Don't blame overpopulation or climate change or environmental degradation for global water shortages, says the Financial Times; the real villains are government bureaucrats.
"The question is how to overcome political resistance to the involvement of the private sector," [said David Lloyd Owen, a British consultant].
"The water industry is one of the most conservative in the world. By and large, it is still run by bureaucrats and engineers," Mr Owen said. "There is also a passionate and well-organized lobby against privatization."
The thesis of the article is that an era of increasing drinking-water scarcity is a terrific business opportunity for companies that specialize in water treatment and desalination. Algeria, for example, is spending billions of dollars on desalination plants, "after suffering acute water shortages five years ago." Global warming, in this formulation, is just more good news for the private water sector. If only governments would get out of the way and let them serve the people.

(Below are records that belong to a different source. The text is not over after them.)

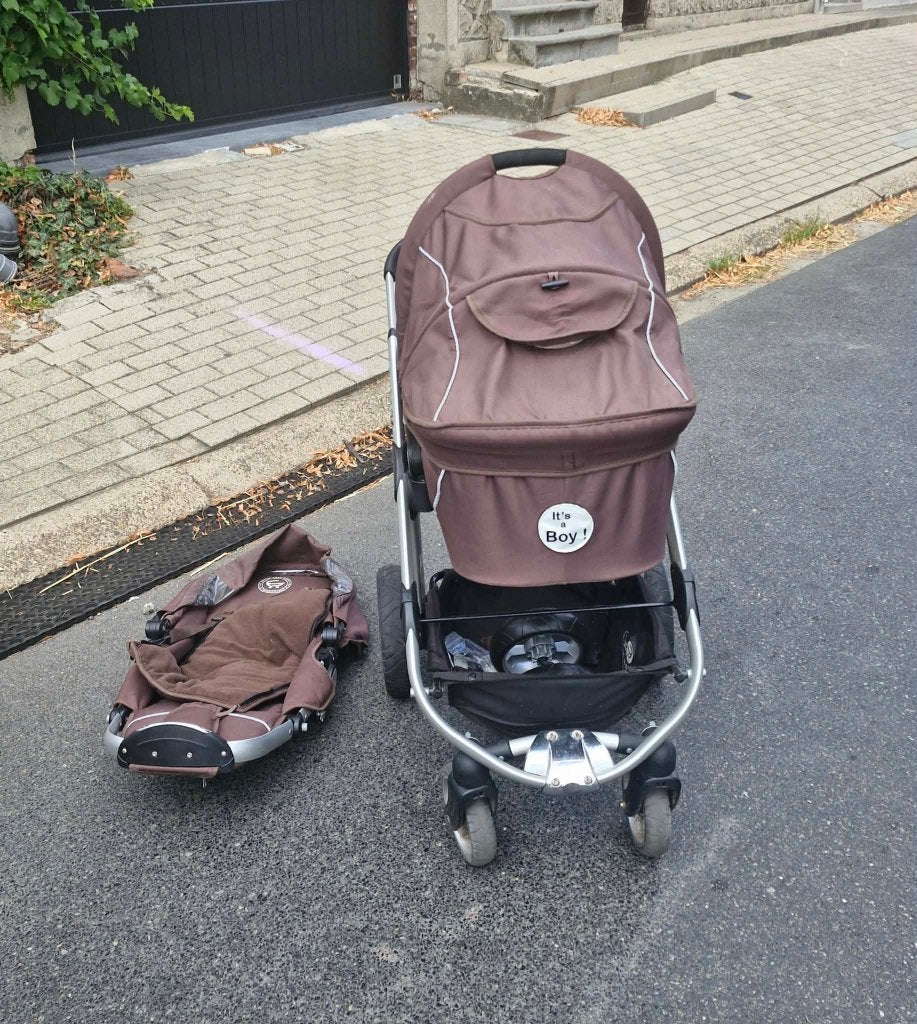buggy set, Kinderen en Baby's, Buggy's, Ophalen, Gebruikt, Overige merken, Verstelbare rugleuning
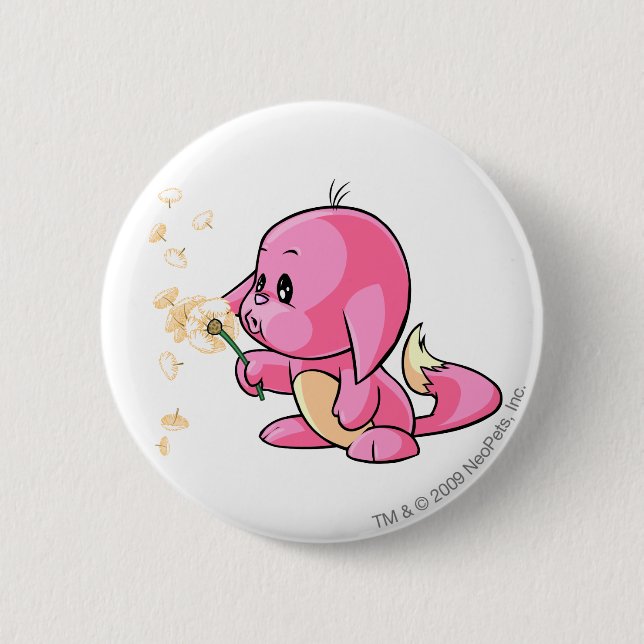 Badge Rond 5 Cm Rose de Kacheek (Devant)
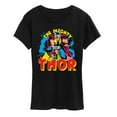 thumbnail image 1 of Marvel Thor - The Mighty - Women's Short Sleeve Graphic T-Shirt, 1 of 5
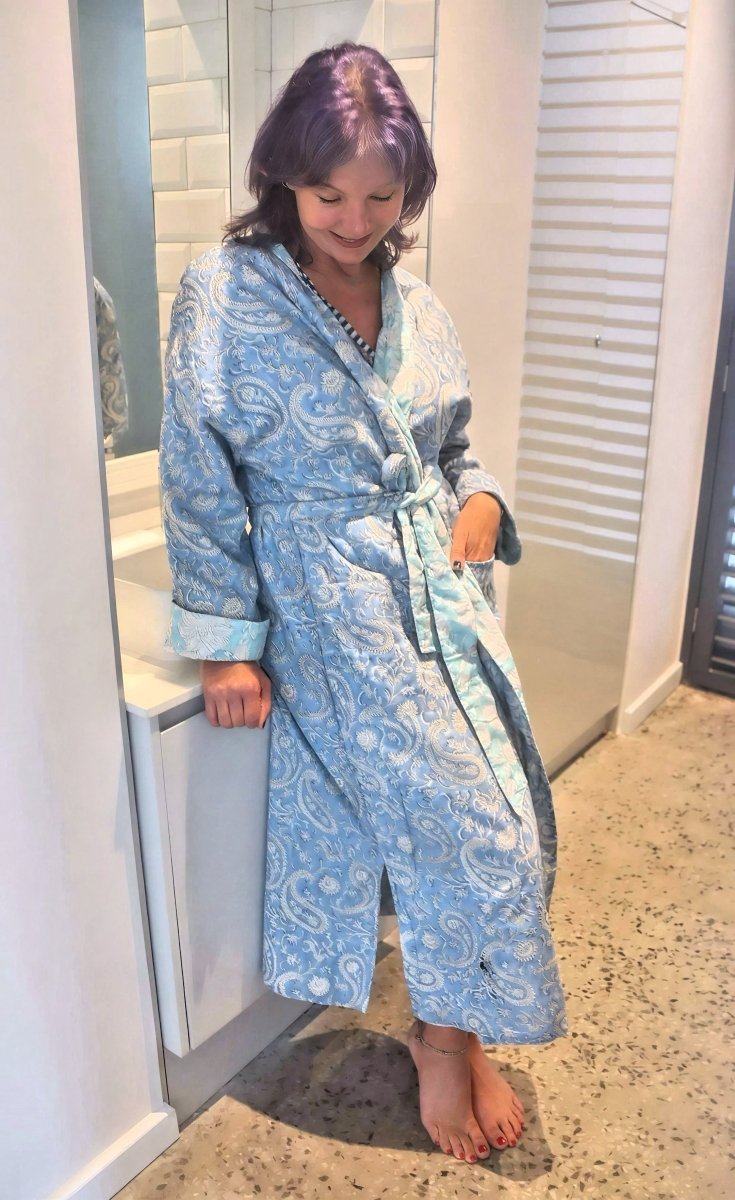 Seafoam Robe (Reversible) - One Size - Gawjus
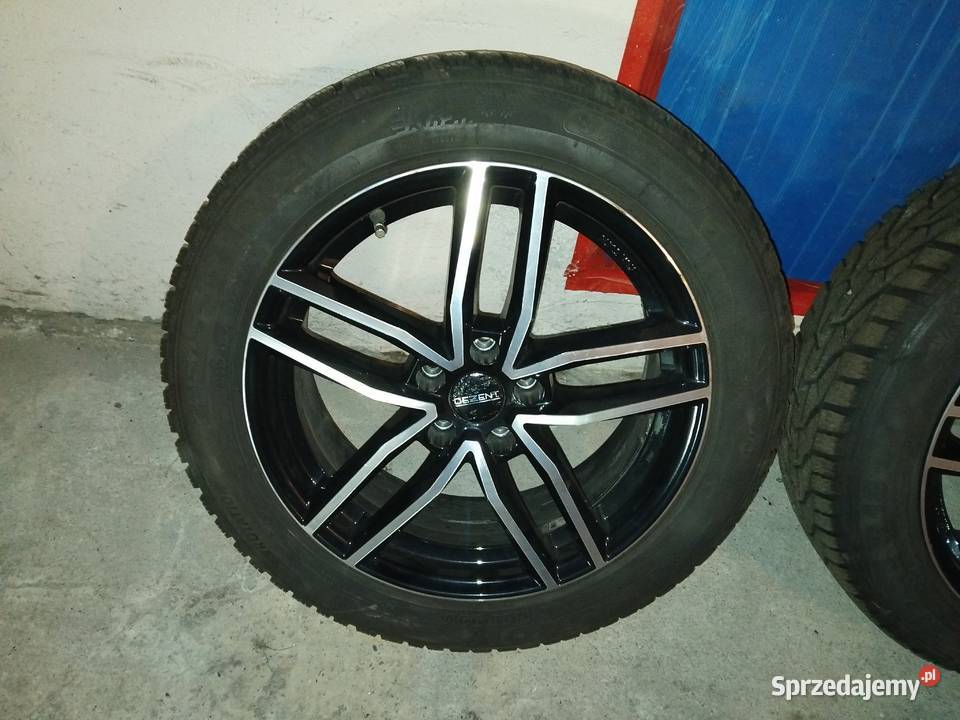 Felgi aluminiowe Dezent 18 z oponami zimowymi dolnośląskie Świdnica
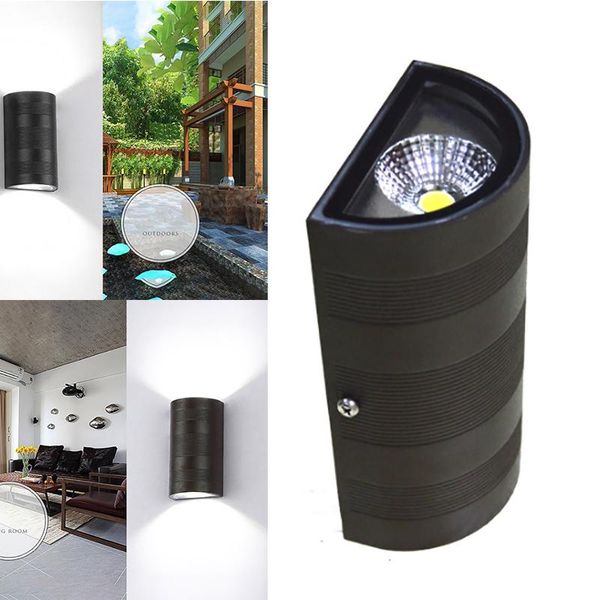 

led waterproof semi-circular outdoor wall lamp living room garden terrace corridor lamps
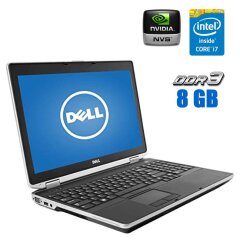 Ноутбук Dell Latitude E6530 / 15.6" (1920x1080) TN / Intel Core i7-3520M (2 (4) ядра по 2.9 - 3.6 GHz) / 8 GB DDR3 / 500 GB HDD / nVidia NVS 5200M, 1 GB DDR3, 64-bit / WebCam / АКБ не держит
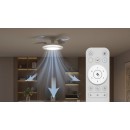Philips 8721103096029 LED Ventilator mit Licht Bliss  | 35W integrierte LED-Quelle | 4500lm | 2700-6500K | Dimmer | Fernbedienung | weiß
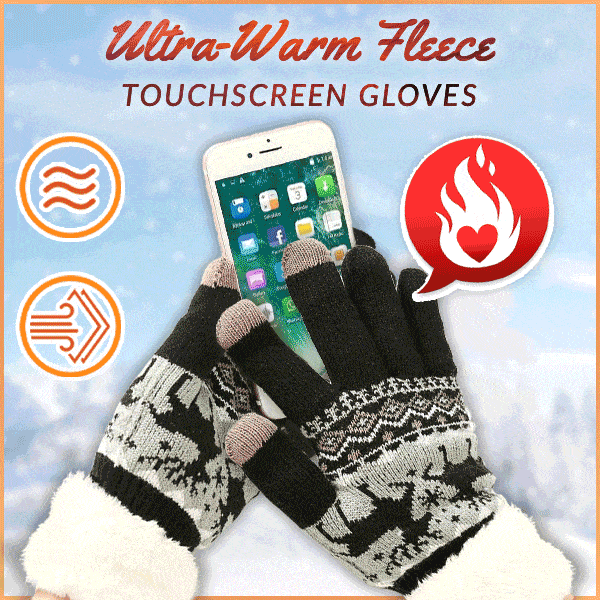 Ultra-warm Fleece Touchscreen Gloves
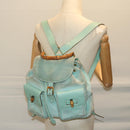 GUCCI Bamboo Backpack Suede Light Blue Auth 63986-22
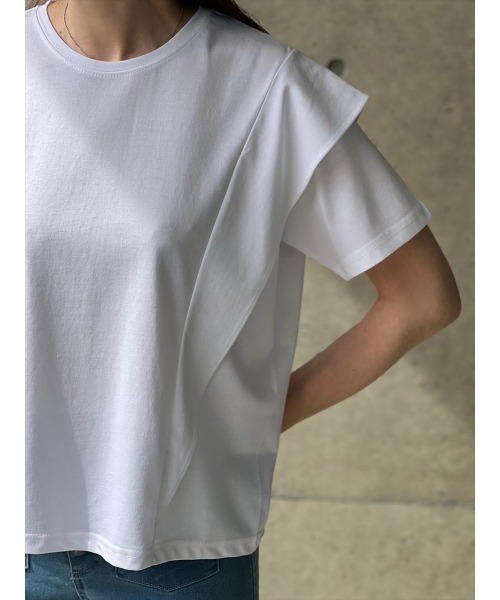 【セール】モノトーンデザインTシャツ（Tシャツ/カットソー）｜Day and Grade（デイアンドグレイド）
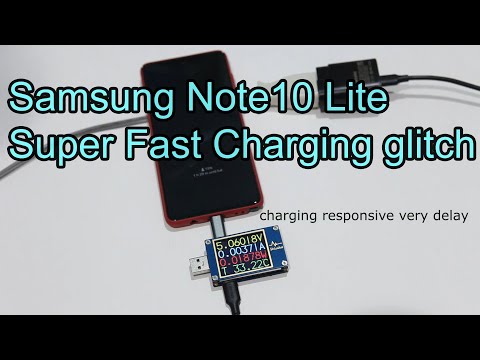 Video Samsung Note10 Lite Super Fast Charging error - youtube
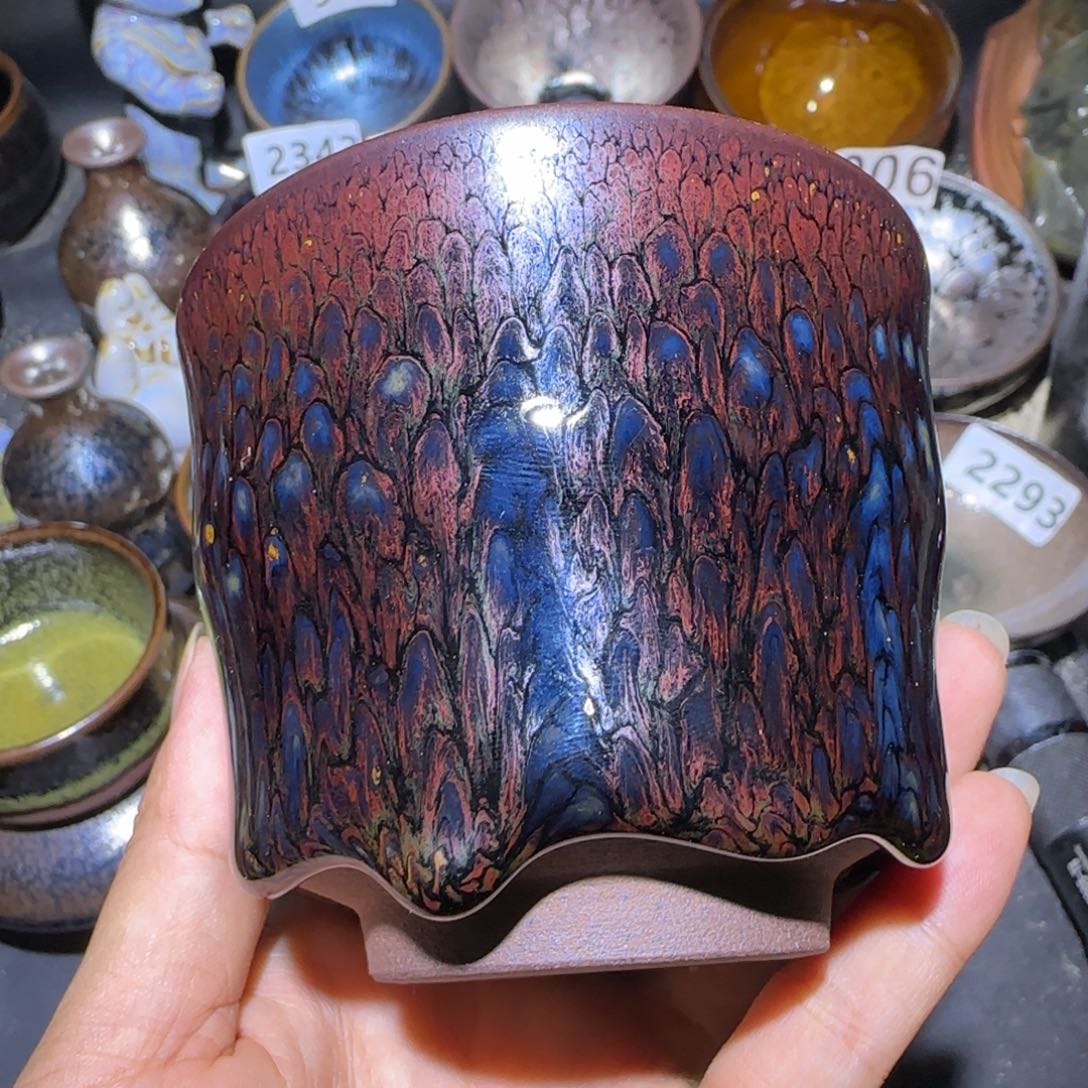 茶盏福建盏茶器竹节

In the U.S., where most water utilities are municipally owned, the resistance to privatization is particularly strong. Citizens appear to be laboring under some kind of bizarre fantasy where they expect government to ensure their access to clean, safe, cheap water, rather than the private sector.
I can't speak for the rest of the nation, but here in California, where we just had our first significantly dry winter in almost a decade, and some cities have already begun water rationing, we have some good reasons to be suspicious of the invisible hand of water capitalism. We remember how Enron (a company, incidentally, that at one time had ambitious plans to become a big player in the water business) rigged deregulated electricity markets so it could make a killing off of price spikes.
So -- drought hits, and an Enron wannabe controls the water spigot, because government has been convinced that the private sector can do the job better. What an excellent idea!